Space: Where you go (and how fast you move)
When I was living in Manhattan, someone once told me: “Visit NYC for a week, you’ll see everything. Visit for a month, you’ll see some things. Live there, and you’ll never see anything” . This is nonsense, of course – every time someone visited, they wanted to see “everything,” so I saw plenty. But I understood the point.
There’s a particular kind of low-level panic that creeps into short trips – the sense that you need to extract maximum value and tick off a list. Not only is it exhausting, but it also concentrates pressure into the same handful of places. Slowing down is the best way to change that. Stay a little longer if you can, as even a day makes a difference.
I’ve started using the “Tuesday test”: if I lived here, where would I go on a normal Tuesday? It is a useful way of breaking the checklist mentality. So is a simple wander around to get a feel for a place.
My habit of taking walks without specific destinations resulted in one of my most treasured memories of Rome: I was enjoying the sights (and a delicious gelato) when I turned a corner and simply stumbled across the Pantheon. Because I wasn’t expecting it, the memory looms far larger than if it had been a planned outing.
That same instinct – to wander a bit and see what turns up – has paid off elsewhere too.
In Lanzarote, we decided to forgo the promenade after greeting the promenade cats, and head into Playa Blanca to explore the town itself and get some street photography in. We stumbled into a small café where the crowd was primarily local and which was clearly a favoured meet up spot. No sign of a queue or a “must-visit” list. The chocolate pastries were excellent, which meant we went back more than once. A chance, delicious discovery.

This adorable promenade cat in Lanzarote was a really good reason to take an early morning walk.
Economy: Where your money goes
The pressure of overtourism is also driven by economic imbalance. Independent cafés, bakeries, and family-run restaurants tend to anchor local areas rather than disrupt them.
There is a common observation in economic development that money spent at independent businesses stays in the local economy up to 3.5 times longer than money spent at global chains. While a global brand extracts profit for shareholders, a local trattoria or bakery anchors the neighbourhood’s social and financial routine.
Another upside? You’ll usually eat better, too – which is not an insignificant side benefit.
Manners are free. Respect the process.
Timed entry systems, visitor caps, and tourist taxes can feel inconvenient, but they exist for a reason. They are not anti-visitor; they are attempts to keep places working. And though we think of them as modern nuisances, they certainly aren’t new.
Venice has managed its visitor overload for centuries. Even in the 18th century, during the Grand Tour, the city struggled to balance its lived-in reality with its status as a cultural prop. They were masters of intentional limits – regulating everything from gondola aesthetics to visitor density – to ensure the city wasn’t overwhelemed.
Paying a visitor levy today is simply a modern iteration of that old professional respect for a destination’s endurance. Accepting these limits – booking ahead or skipping an attraction because access is restricted – is a small price to pay for ensuring these places endure.
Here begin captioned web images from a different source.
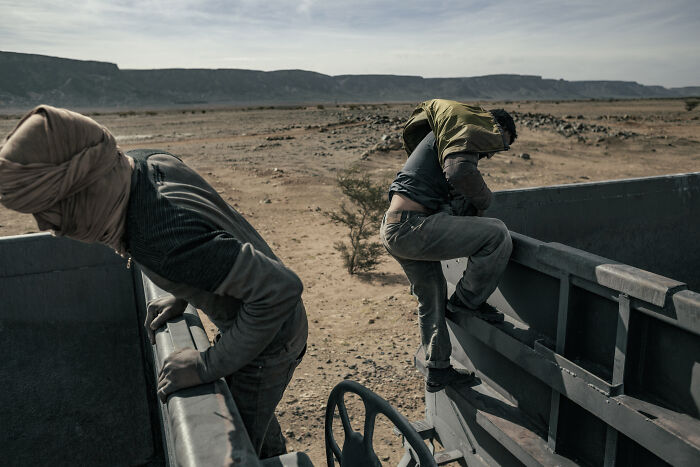 Mauritanian Youngsters Climb Between The Carriages Of The Iron Ore Train As It Approaches The Mines Of Zouerat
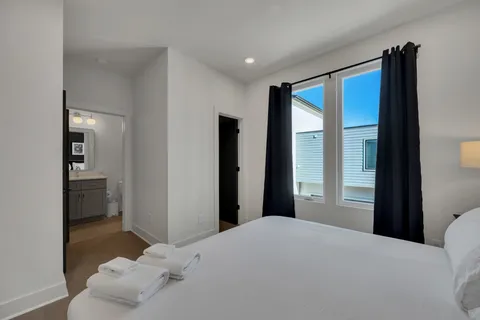 a bedroom with a bed and a view of living room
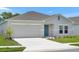 Single story home with a 2 car garage and lush landscaping at 1931 Rosewood Cir, Lakeland, FL 33810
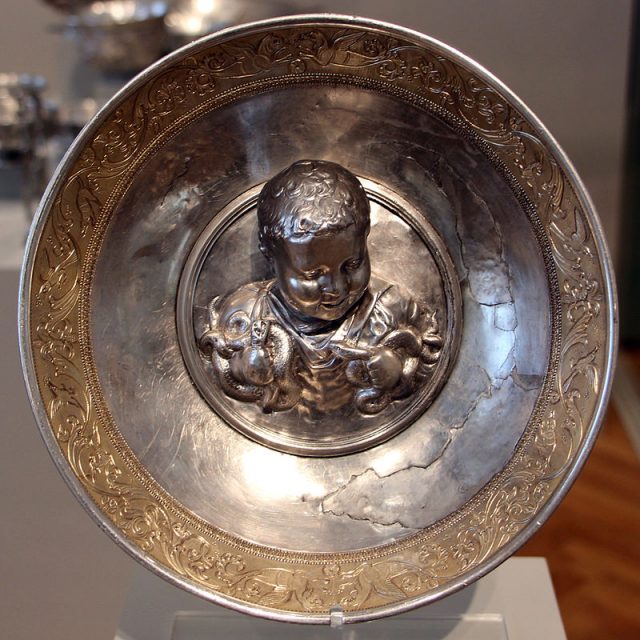 A Roman gilded silver bowl depicting the boy Hercules strangling two serpents, from the Hildesheim Treasure, 1st century AD, Altes Museum. Photo by Sailko CC BY 3.0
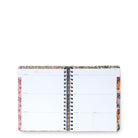 An open spiral-bound planner or weekly organizer notebook with a floral patterned cover and blank white pages, photographed on a plain white background.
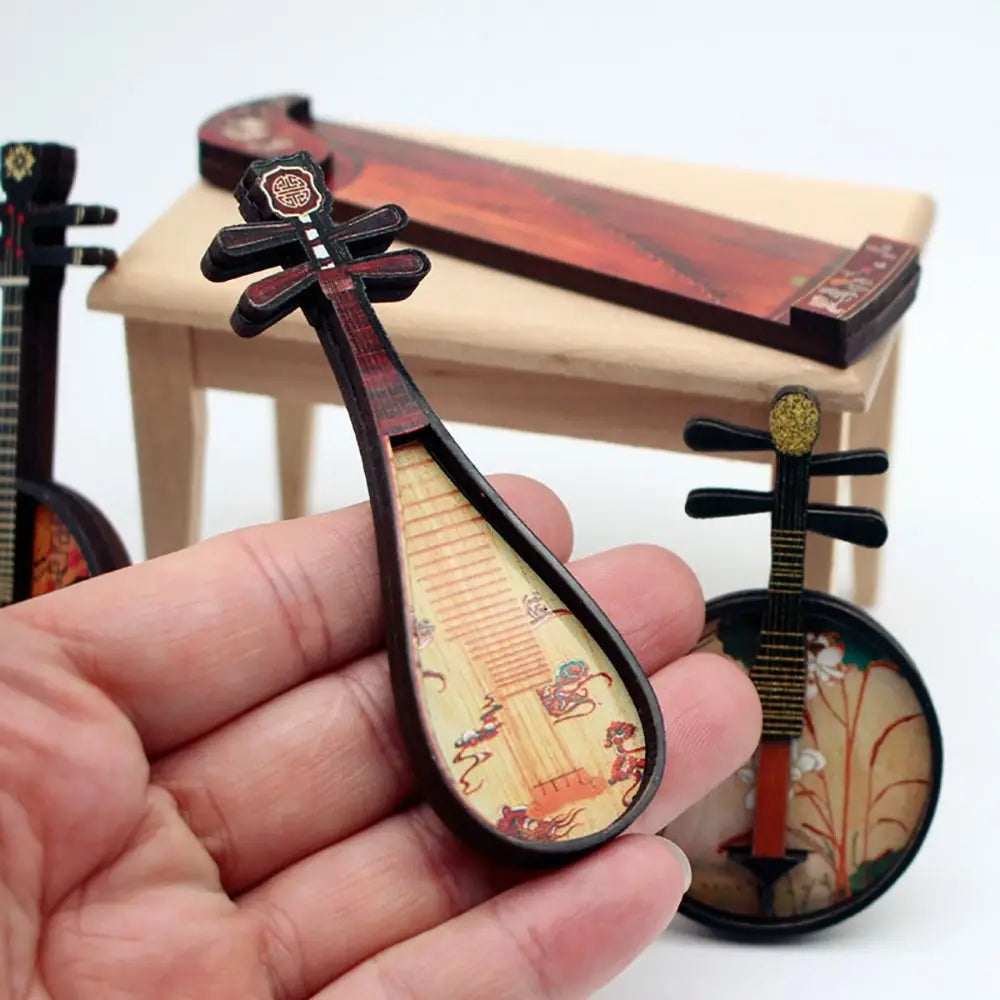 A hand holds a miniature dollhouse musical instrument with a dark wood frame and chinese classical instrument design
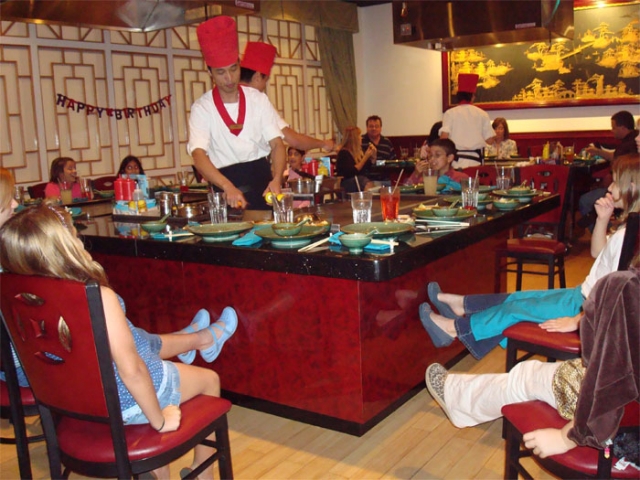 Fujiyama Japanese Seafood & Steak Guests Around Hibachi Grill 2
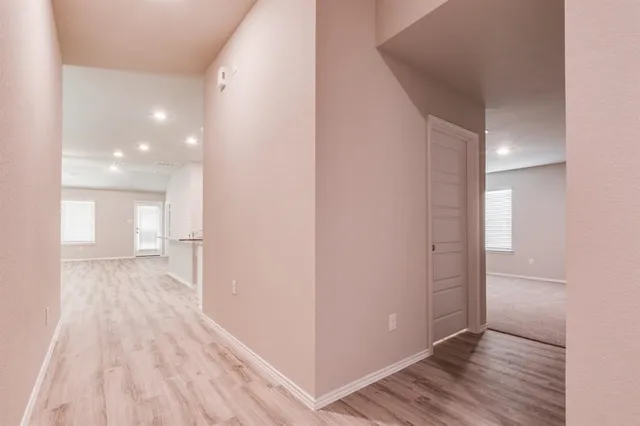 a view of a hallway with wooden floor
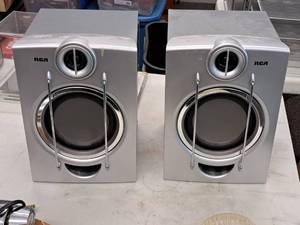 lot 390 image: Lot of (2) RCA 11 6-ohm 80W Stereo Speakers RS2052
Travel thoughtfully, not timidly
I want people to keep travelling, but I want them to do it with more awareness. Approaching destinations differently has started to show up for me in small ways: I look at shoulder season options first, I build in time to wander, and I pay more attention to where my money goes.
Part of any trip should be doing what we can to ensure that long after we’ve left, these places remain vibrant for the next visitor and liveable for the people who actually call them home. Travel with curiosity. Travel with intention. That’s how you become part of the solution – and end up with a better trip in the process.